From the time of Hutton's refinement of uniformitarianism, the principle found wide application in various attempts to calculate the age of the Earth. As previously noted, fundamental to the principle was the premise that various Earth processes of the past operated in much the same way as those processes operate today. The corollary to this was that the rates of the various ancient processes could be considered the same as those of the present day. Therefore, it should be possible to calculate the age of the Earth on the basis of the accumulated record of some process that has occurred at this determinable rate since the Creation. 

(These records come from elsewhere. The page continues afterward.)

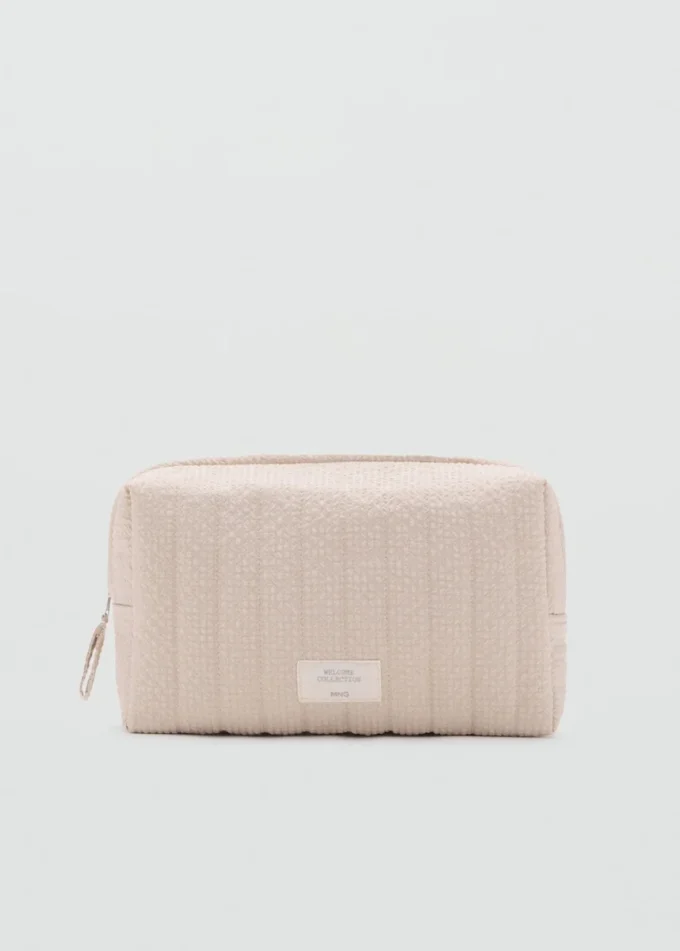 Kosmetiktasche mit Struktur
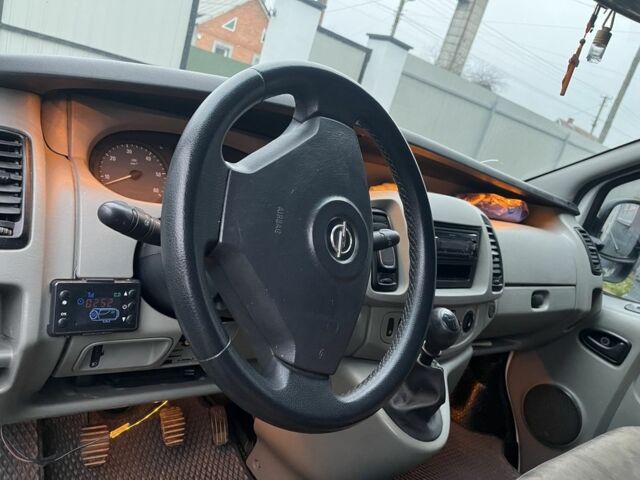 Білий Опель Віваро, об'ємом двигуна 1.9 л та пробігом 327 тис. км за 7500 $, фото 5 на Automoto.ua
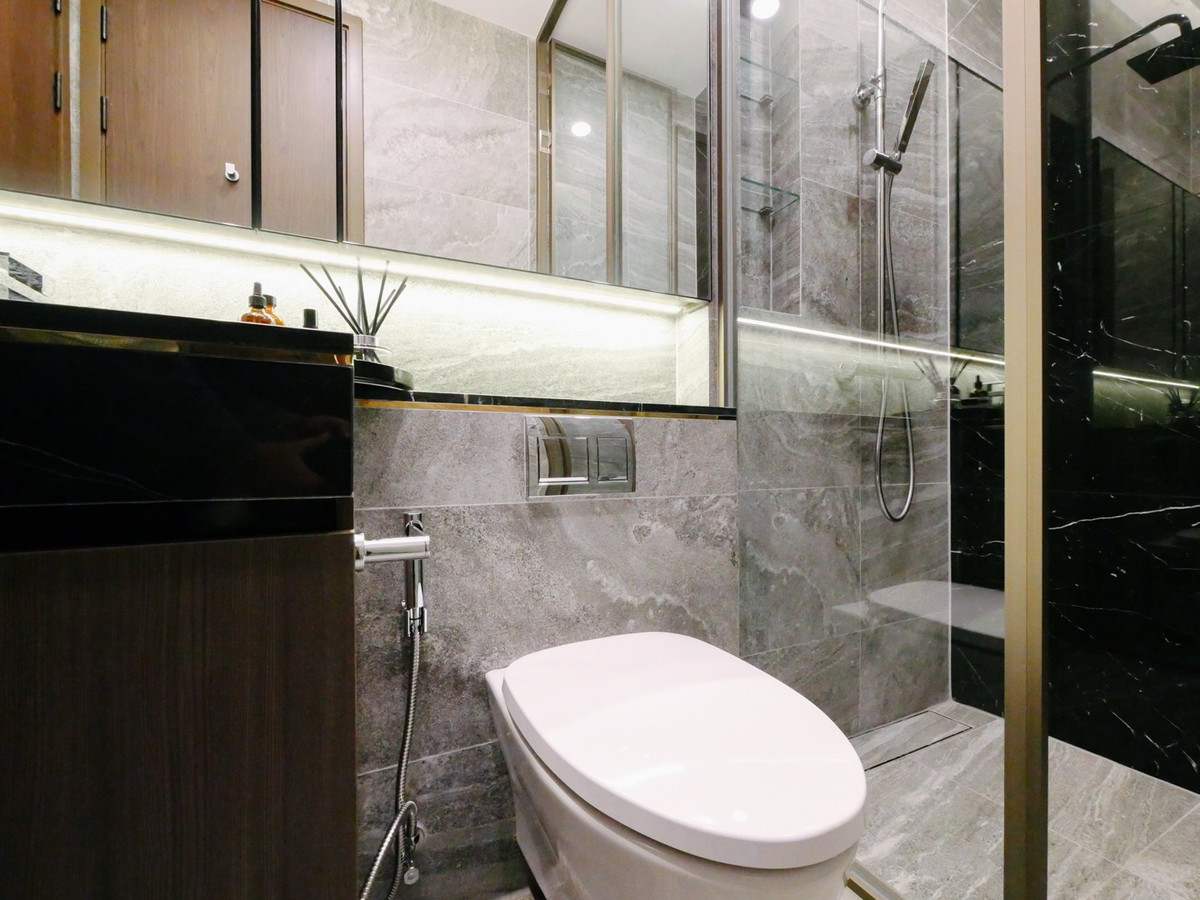 For RentCondoSukhumvit, Asoke, Thonglor : 3 Bedroom Luxury Condo for Rent at The Esse Sukhumvit 36, High Floor Open View, Near BTS Thonglor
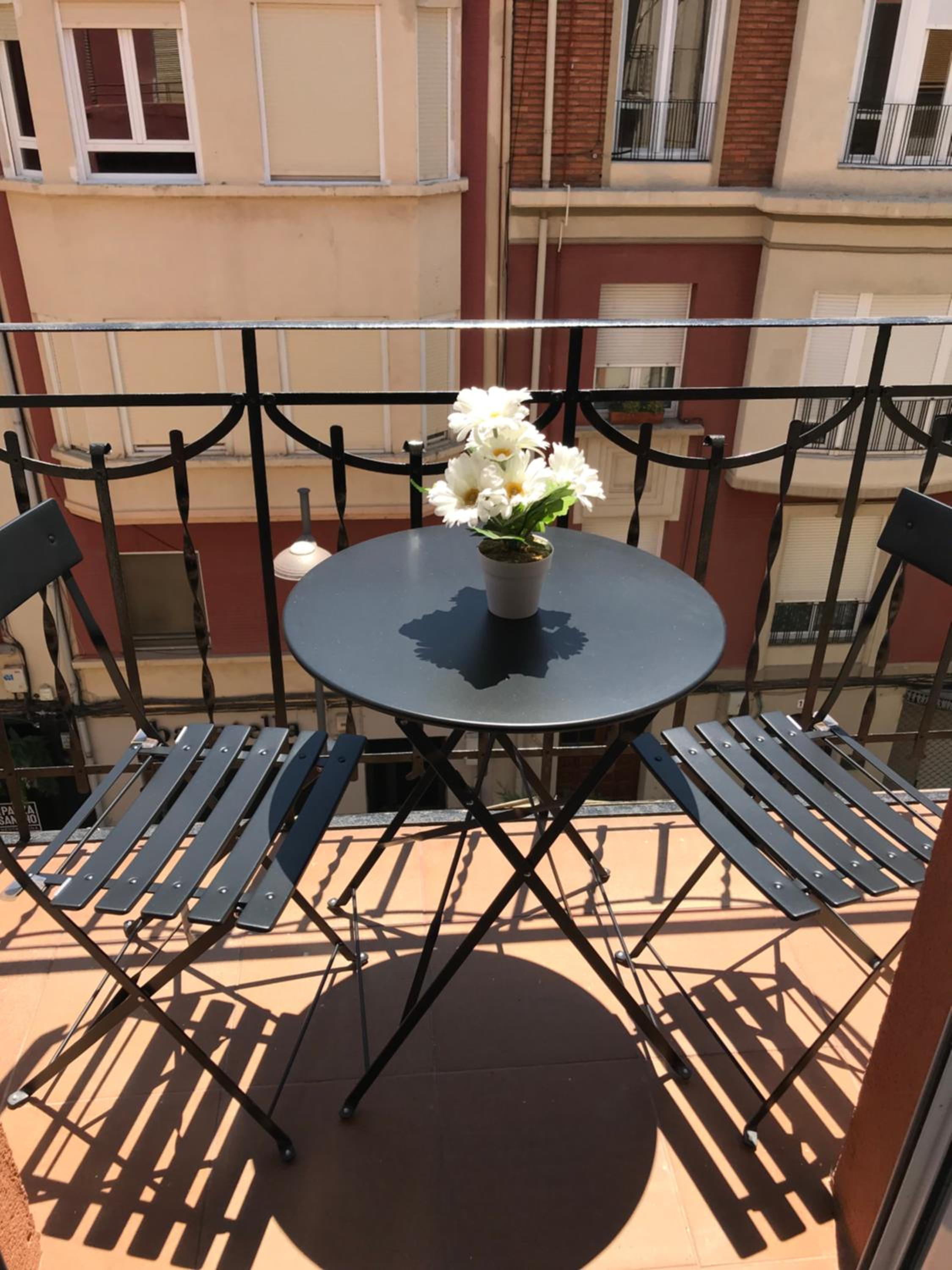Apartment with Balcony - Photo 5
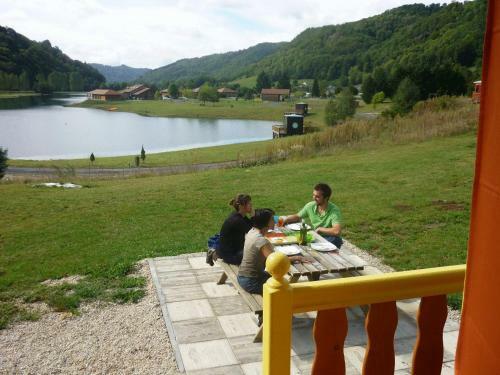 Les Roulottes Du Lac Des Graves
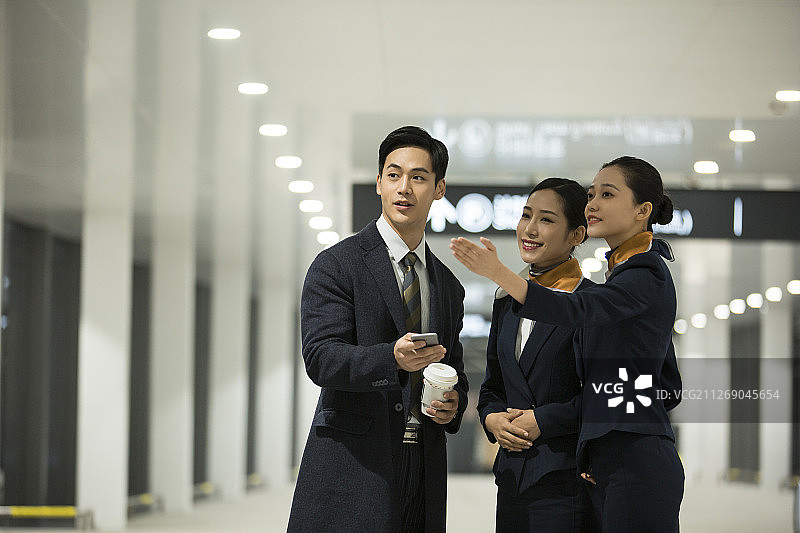 成功男商务人士和两名空姐在机场图片素材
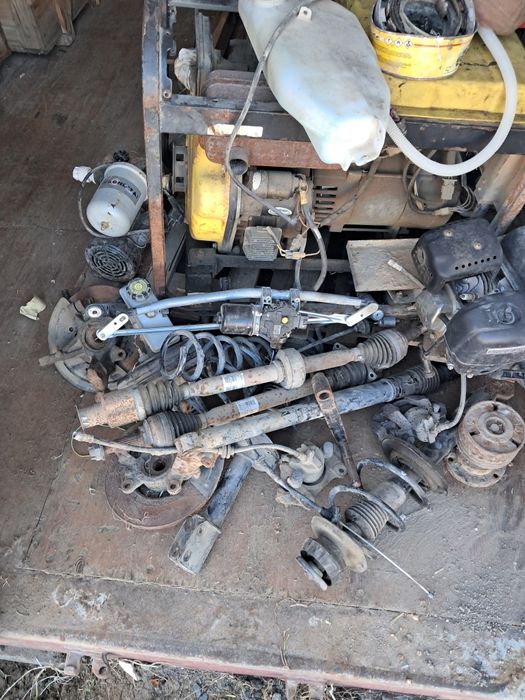 Продам запчасти рено лога 2 2014 года.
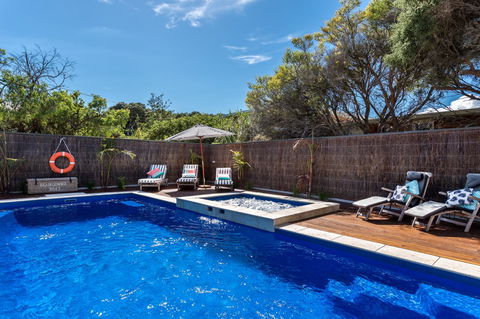 Front Beach House - Perths Hotel 6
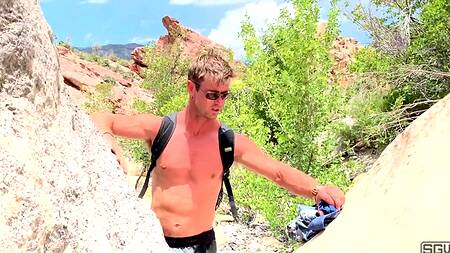 Поход становится в разы приятнее, когда блондинка предлагает секс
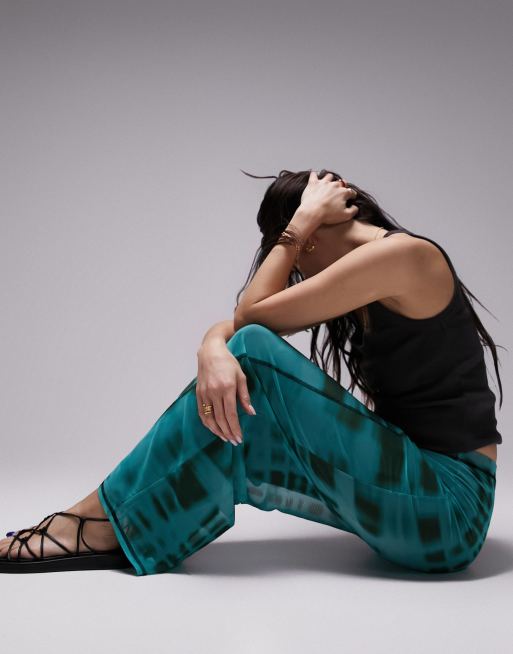 Topshop – Niebieska spódnica midi z efektem tie-dye i overlokowym szwem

Many independent estimates of the age of the Earth have been proposed, each made using a different method of analysis. Some such estimates were based on assumptions concerning the rate at which dissolved salts or sediments are carried by rivers, supplied to the world's oceans, and allowed to accumulate over time. These chemical and physical arguments (or a combination of both) were all flawed to varying degrees because of an incomplete understanding of the processes involved. The notion that all of the salts dissolved in the oceans were the products of leaching from the land was first proposed by the English astronomer and mathematician Edmond Halley in 1691 and restated by the Irish geologist John Joly in 1899. It was assumed that the ocean was a closed system and that the salinity of the oceans was an ever-changing and ever-increasing condition. Based on these calculations, Joly proposed that the Earth had consolidated and that the oceans had been created between 80 and 90 million years ago. The subsequent recognition that the ocean is not closed and that a continual loss of salts occurs due to sedimentation in certain environments severely limited this novel approach.